Tornaram-se muito populares, nos anos recentes, vídeos que mostram sessões de exorcismo e supostas curas de males produzidos pelo demônio. Também tem causado muita repercussão manifestações polêmicas do papa Francisco, que se expressa publicamente sobre temas em voga na mídia, como as relações homoafetivas, educação infantil e uso de drogas. Da mesma forma, ganham espaço na imprensa manobras de parlamentares brasileiros tentando impor uma agenda religiosa sobre questões de Estado. No entanto, não estamos falando de religião.
Temos tratado, no Observatório da Imprensa, do efeito crescente da mídia sobre a sociedade, especialmente na expansão exponencial da cultura de massa, impulsionada pelas tecnologias digitais de comunicação, e de como esse efeito se dá pela construção de simulacros.
O propósito é refletir sobre as consequências de se vivenciar a cópia em vez da vida real, e de observar como grandes contingentes de cidadãos podem ser levados a tomar atitudes contrárias a seus próprios interesses por causa dessa distorção.
Uma busca na internet em torno do nome do papa vai mostrar uma coleção de frases de grande apelo midiático, algumas beirando ideias progressistas, outras repetindo o espírito conservador da Igreja Católica. De vez em quando, ele experimenta uma polêmica, como quando tratou de planejamento familiar, mas em geral suas afirmações tomam o caminho fácil do lugar comum. E o lugar comum é um terreno pantanoso nesta contemporaneidade movida a mudanças.
Por outro lado, no território da mídia nacional, chama atenção a proliferação de eventos televisivos que têm como atração principal a figura do demônio. Explica-se: nos últimos cinco anos, duas das principais organizações chamadas neopentecostais vêm disputando a hegemonia no setor que os estudiosos chamam de “evangelho da prosperidade”, no qual o fiel busca não apenas a salvação de sua alma, mas principalmente um negócio com a divindade que lhe garanta o bem-estar material imediato.

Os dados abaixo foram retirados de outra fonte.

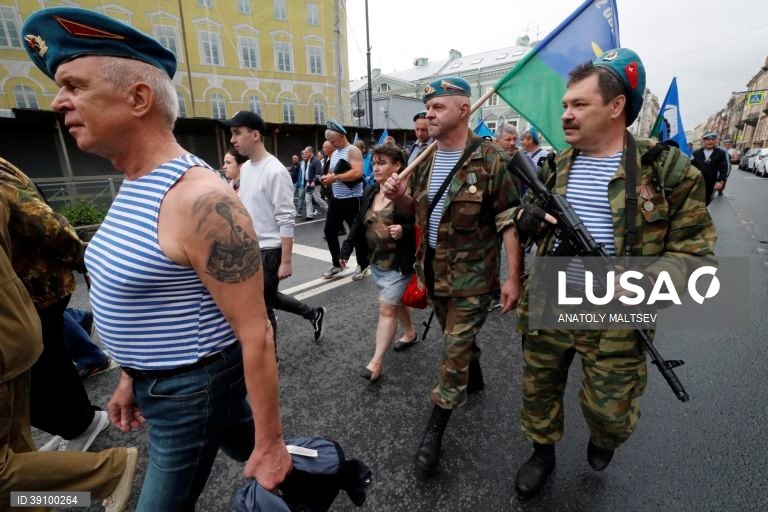 São Petersburgo: Dia do paraquedista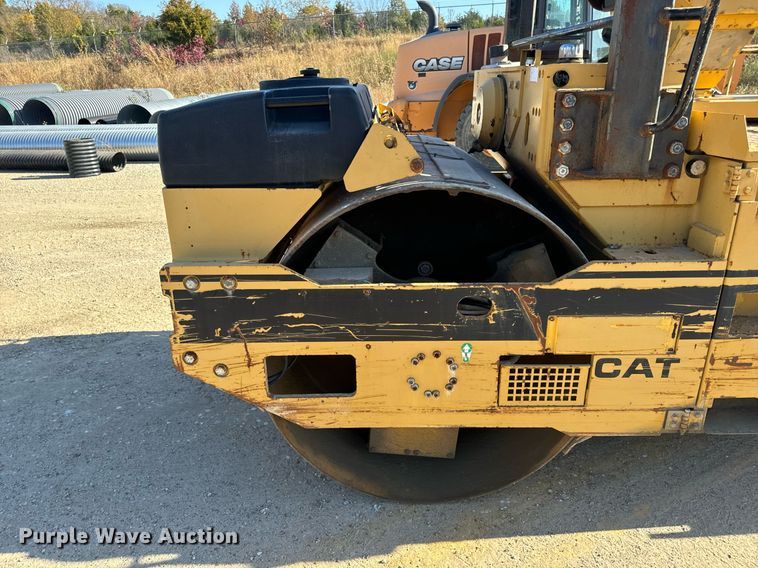 image for item EH7115 1991 Caterpillar CB-534 double drum vibratory roller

O que esses episódios têm em comum é que nem os líderes das seitas chamadas de neopentecostais, nem o papa, estão praticando religião quando usam a mídia. Estão apenas construindo a imagem que vai posicioná-los nesse contexto mercadológico.
O negócio do diabo
O terreno do sagrado tem outras dimensões e, para a prática dos crentes, precisa apenas de fé e doutrina. As manifestações periféricas, como a cena de um papa chutando uma bola ou de um pastor, profeta, apóstolo (ou como queira ser chamado o líder da congregação), sacudindo o diabo para fora do corpo de alguém, são ações típicas de relações públicas.

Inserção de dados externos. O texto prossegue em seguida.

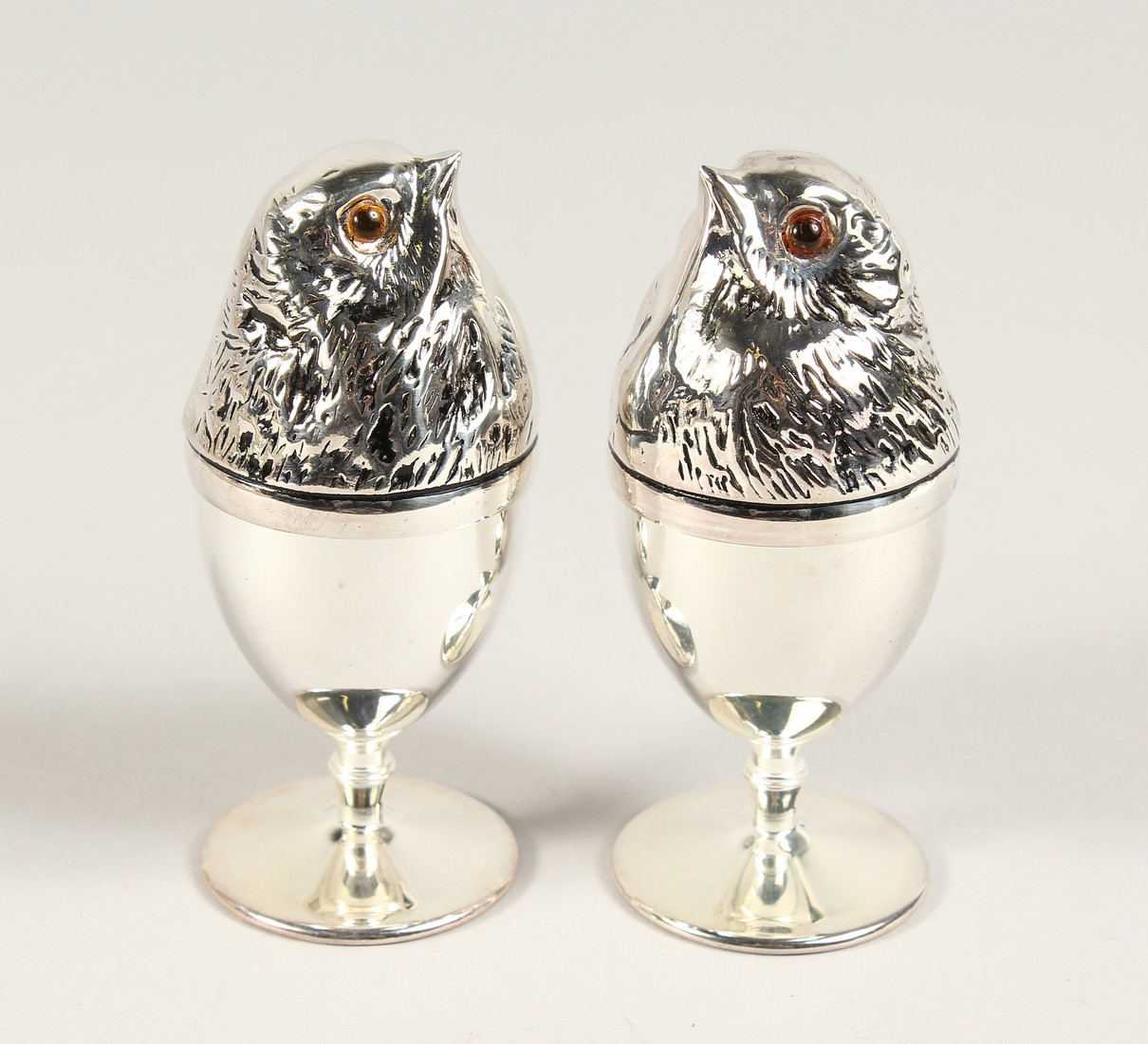 A PAIR OF SILVER PLATE CHICK EGG CUFF LINKS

No caso de Satanás, o filósofo Vilém Flusser já tratou de desmoralizá-lo publicamente, em sua biografia (não autorizada) intitulada A história do diabo. O personagem que frequenta templos da Igreja Universal do Reino de Deus, da Igreja Mundial do Poder de Deus e outras denominações semelhantes, é um simulacro do ser mítico que habita ainda hoje os temores mais recônditos do ser humano. Trata-se de um personagem de circo.

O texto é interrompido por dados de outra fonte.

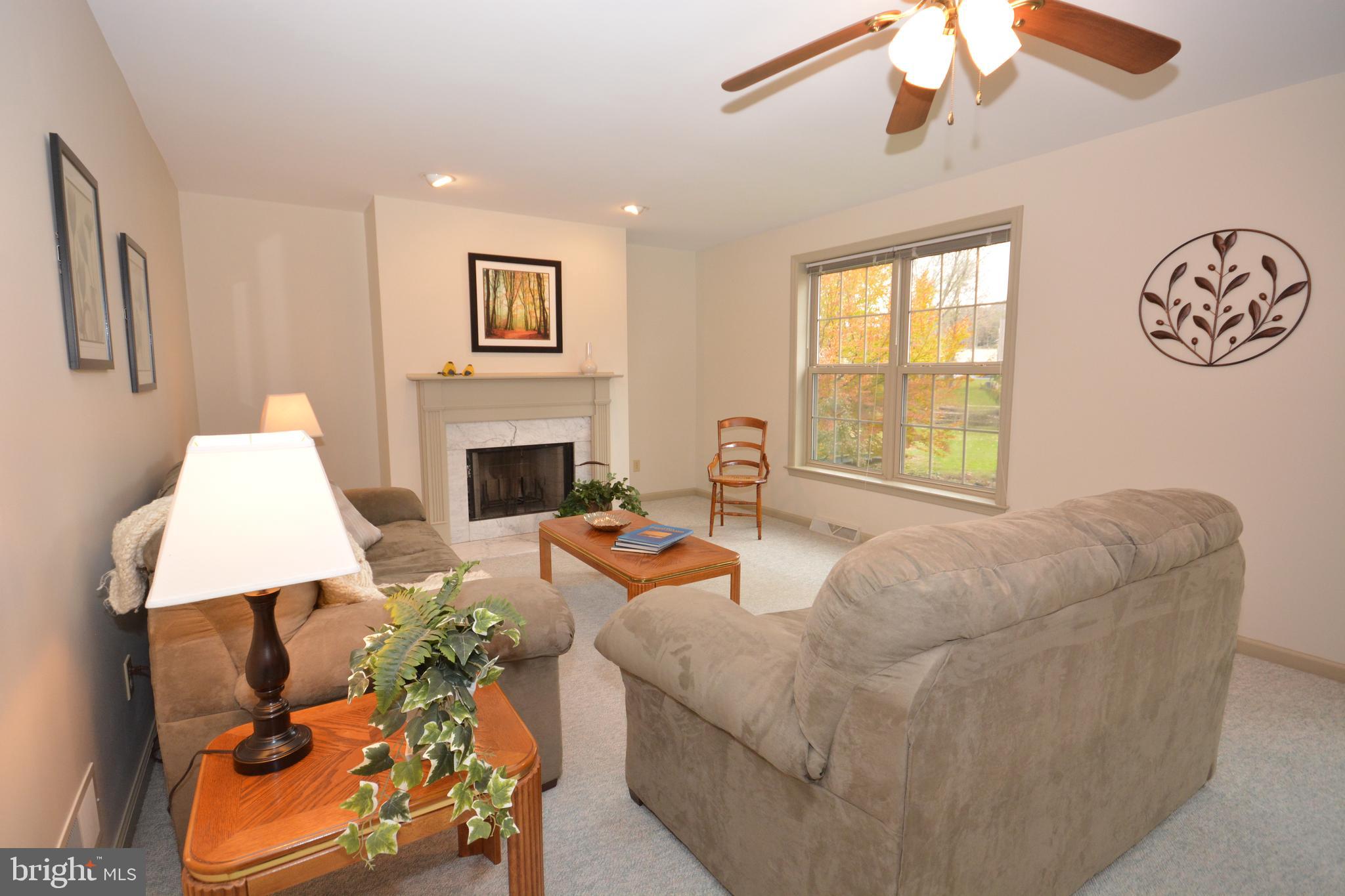 1067 Hearthstone Road Lancaster, PA 17603 - Photo 14 of 37 Living Room
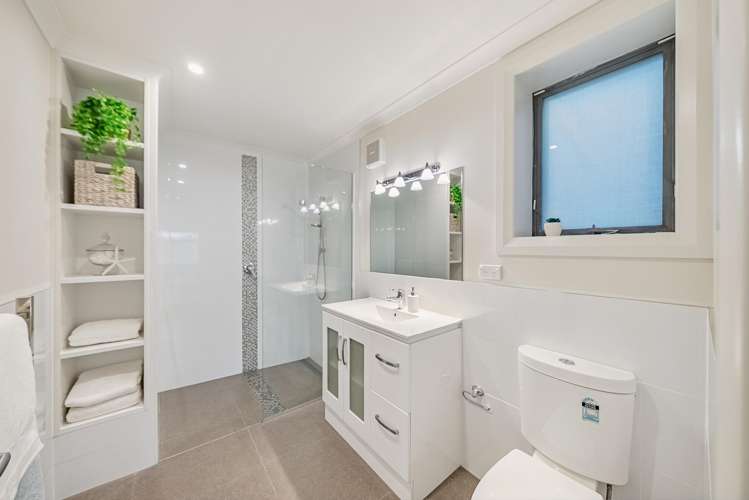 26 Flers Street Karori_18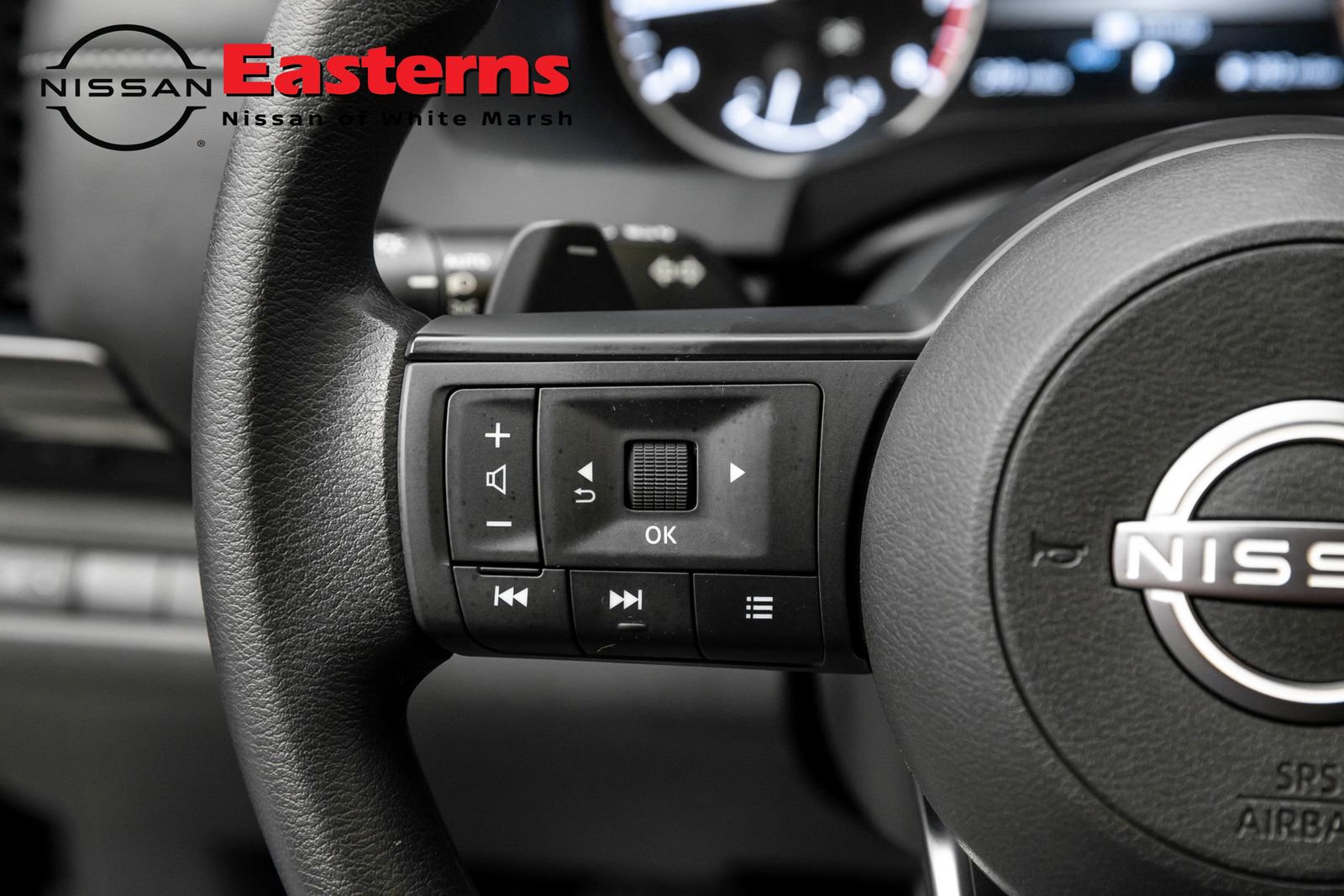 Used 2025 Nissan Pathfinder S image 21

Aquilo que a mídia muitas vezes chama de religião nada mais é do que a encenação de um compromisso de negócio cuja principal característica é a monetização da salvação da alma que, para ser concretizada, necessita de um processo de securitização, no qual o risco permanente e cotidiano é a ameaça do demônio.
O pagamento do dízimo é o sinal que o crente dá para a aquisição do produto-salvação, que vem com o benefício da prosperidade. Mas esse patrimônio precisa ser protegido pelo seguro contra todas as tentações que possam afastar o fiel desse comércio.
A mulher que se celebrizou no Youtube (ver aqui) por declarar que seu intestino passou a funcionar por causa do “travesseirinho santo” do líder da Igreja Mundial, estava testemunhando o cumprimento desse contrato: o anjo caído havia dado um nó em suas tripas, e bastou comparecer ao culto, adquirir a pequena almofada azul e amarrá-la na cintura para desobstruir seu fluxo intestinal. Têm o mesmo sentido as sessões em que homossexuais são “curados”, numa repetição constante de um espetáculo no qual o demônio é a atração principal.
Qual é o problema? Nenhum, a não ser o fato de que não se trata de religião. Trata-se de um negócio que ocupa canais públicos de rádio e televisão, enquanto as emissoras educativas vivem às moscas e emissoras comunitárias são caçadas como piratas.